Merci à Philippe pour son soutien, oui effectivement la perversion est mon pire ennemi, celui dont je dois me méfier le plus, je ne ferai aucune référence à ma famille, mais en matière de perversion narcissique j'ai été verni, lire mes blogs pour se faire une idée. La perversion écrase, opprime, on ne peut rien faire contre un esprit pervers, aucune possibilité de négociation, un esprit pervers est à l'affût de la moindre faille pour vous anéantir, c'est désolant effectivement que la société ne puisse rien faire contre ça, et même selon moi l'encourage, par le libéralisme économique notamment, qui stimule ce qu'il a de pire en l'homme. Le destin c'est le caractère humain, les pervers sentent les failles et s'engouffrent dedans, la perversion c'est selon moi le destin de la société occidentale, quelque chose qui se joue un peu derrière notre dos, la perversion à l'œuvre dans le calcul égoïste de la technique qui se joue à notre insu.
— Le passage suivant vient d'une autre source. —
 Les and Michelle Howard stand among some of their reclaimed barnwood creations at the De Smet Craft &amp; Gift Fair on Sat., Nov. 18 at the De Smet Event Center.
On ne peut rien faire contre ça, c'est un destin, une fatalité. Moi je ne sais plus si il faut en rire ou en pleurer tellement la société moderne et absurde et perverse. Mais comme le dit Emmanuel Mousset ingénu en la matière : "je n'ai jamais compris le mal", notre ami Mousset n'a pas accès à cette dimension de l'espèce humaine, et c'est une lacune qui l'empêche d'accéder à beaucoup de vérités sur la société actuelle, il est insensible à la perversité, parce que les pervers n'ont pas d'emprise sur lui ; il n'a pas les failles qui pourraient permettre à un pervers de s'engouffrer dedans, donc il ne comprend pas la perversité et ne la voit même pas chez ceux qui sont pervers, comme DSK par exemple. Et notre ami Mousset par ailleurs n'est pas pervers pour un sou, il est ingénu dans son admiration pour les pervers.